HwangDBS Vickers has trimmed Malaysia's total industry volume (TIV) estimate for the automotive sector this year by two per cent to 599,000 units from an earlier forecast of 611,000 units to reflect a longer-than-expected recovery post-Japan disasters.
It said the lower forecast, also implied a one per cent drop year-on-year, was mainly derailed by components shortages after the Japan earthquake and tsunami in March and amendments to the Hire Purchase Act on June 15, which slowed down the car registration process.
"As a result, TIV slipped 19.5 per cent month-on-month in April; 9.6 per cent in May; and 9.2 per cent in June," it said in a research note today.
The research house said full recovery in sales was expected to take a longer time amid lingering cautious consumer sentiment.
However, HwangDBS Vickers expects the TIV for next year to grow by 3.8 per cent year-on-year to 622,000 on the back of 5.2 per cent GDP growth for the year.

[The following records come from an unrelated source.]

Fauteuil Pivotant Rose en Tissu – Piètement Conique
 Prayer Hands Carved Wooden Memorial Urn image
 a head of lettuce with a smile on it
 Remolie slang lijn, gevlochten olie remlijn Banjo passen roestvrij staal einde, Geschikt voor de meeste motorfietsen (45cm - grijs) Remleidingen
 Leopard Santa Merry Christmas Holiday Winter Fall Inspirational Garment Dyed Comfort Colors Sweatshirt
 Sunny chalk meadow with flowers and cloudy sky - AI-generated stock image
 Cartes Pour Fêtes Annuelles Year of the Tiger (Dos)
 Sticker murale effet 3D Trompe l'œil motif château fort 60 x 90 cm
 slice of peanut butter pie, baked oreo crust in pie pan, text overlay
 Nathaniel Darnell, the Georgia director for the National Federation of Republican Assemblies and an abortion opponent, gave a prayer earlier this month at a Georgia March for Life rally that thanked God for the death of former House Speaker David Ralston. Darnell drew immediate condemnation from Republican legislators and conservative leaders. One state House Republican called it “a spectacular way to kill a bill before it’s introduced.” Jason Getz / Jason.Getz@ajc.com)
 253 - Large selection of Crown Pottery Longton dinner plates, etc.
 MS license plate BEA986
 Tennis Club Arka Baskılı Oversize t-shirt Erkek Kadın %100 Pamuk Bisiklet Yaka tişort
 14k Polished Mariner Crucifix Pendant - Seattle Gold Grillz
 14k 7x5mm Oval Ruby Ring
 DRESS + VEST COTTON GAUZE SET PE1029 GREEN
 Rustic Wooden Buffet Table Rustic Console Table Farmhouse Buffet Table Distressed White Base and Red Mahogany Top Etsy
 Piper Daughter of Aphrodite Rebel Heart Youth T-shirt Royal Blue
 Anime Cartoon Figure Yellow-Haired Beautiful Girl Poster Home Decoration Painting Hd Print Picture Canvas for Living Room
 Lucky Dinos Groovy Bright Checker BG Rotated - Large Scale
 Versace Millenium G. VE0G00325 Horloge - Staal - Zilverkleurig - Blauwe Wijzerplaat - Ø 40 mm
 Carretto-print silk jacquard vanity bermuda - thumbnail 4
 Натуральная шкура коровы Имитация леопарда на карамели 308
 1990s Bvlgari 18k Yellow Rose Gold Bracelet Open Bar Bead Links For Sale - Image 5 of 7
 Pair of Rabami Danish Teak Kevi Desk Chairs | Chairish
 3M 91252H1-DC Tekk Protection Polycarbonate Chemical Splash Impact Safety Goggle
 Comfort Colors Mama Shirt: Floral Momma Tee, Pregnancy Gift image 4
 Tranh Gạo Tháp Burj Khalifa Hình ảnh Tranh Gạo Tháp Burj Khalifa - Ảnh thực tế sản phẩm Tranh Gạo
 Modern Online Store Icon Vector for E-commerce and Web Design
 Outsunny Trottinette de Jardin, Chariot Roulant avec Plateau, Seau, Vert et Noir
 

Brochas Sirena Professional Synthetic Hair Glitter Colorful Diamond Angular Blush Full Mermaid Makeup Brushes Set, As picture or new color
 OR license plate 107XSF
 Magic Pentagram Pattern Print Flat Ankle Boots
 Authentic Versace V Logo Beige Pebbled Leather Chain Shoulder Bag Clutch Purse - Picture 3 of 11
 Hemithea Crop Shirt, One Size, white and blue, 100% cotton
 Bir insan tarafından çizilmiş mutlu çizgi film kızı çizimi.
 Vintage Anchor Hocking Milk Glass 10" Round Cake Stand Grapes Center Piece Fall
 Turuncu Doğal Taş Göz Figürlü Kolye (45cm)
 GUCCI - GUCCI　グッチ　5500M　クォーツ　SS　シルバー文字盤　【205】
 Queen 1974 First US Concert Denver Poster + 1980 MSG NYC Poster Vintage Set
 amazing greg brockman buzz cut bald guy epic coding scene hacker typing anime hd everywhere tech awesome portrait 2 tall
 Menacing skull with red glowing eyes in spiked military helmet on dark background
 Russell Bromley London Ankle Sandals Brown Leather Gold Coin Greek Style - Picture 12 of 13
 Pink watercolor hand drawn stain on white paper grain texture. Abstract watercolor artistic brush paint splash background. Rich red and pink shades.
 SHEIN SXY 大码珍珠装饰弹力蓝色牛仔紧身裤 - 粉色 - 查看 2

Accordingly, it has cut the sector's net profit by 3.4 per cent this year and 2.9 per cent next year after factoring in slightly higher promotional expenses such as rebates and free gifts.
Top pick for the sector was MBM Resources which is rated with "buy" call but revised the target price to RM3.02 from RM3.90 while UMW Holdings was downgraded to "hold" from "buy" with a lower target price of RM6.43 from RM7.30.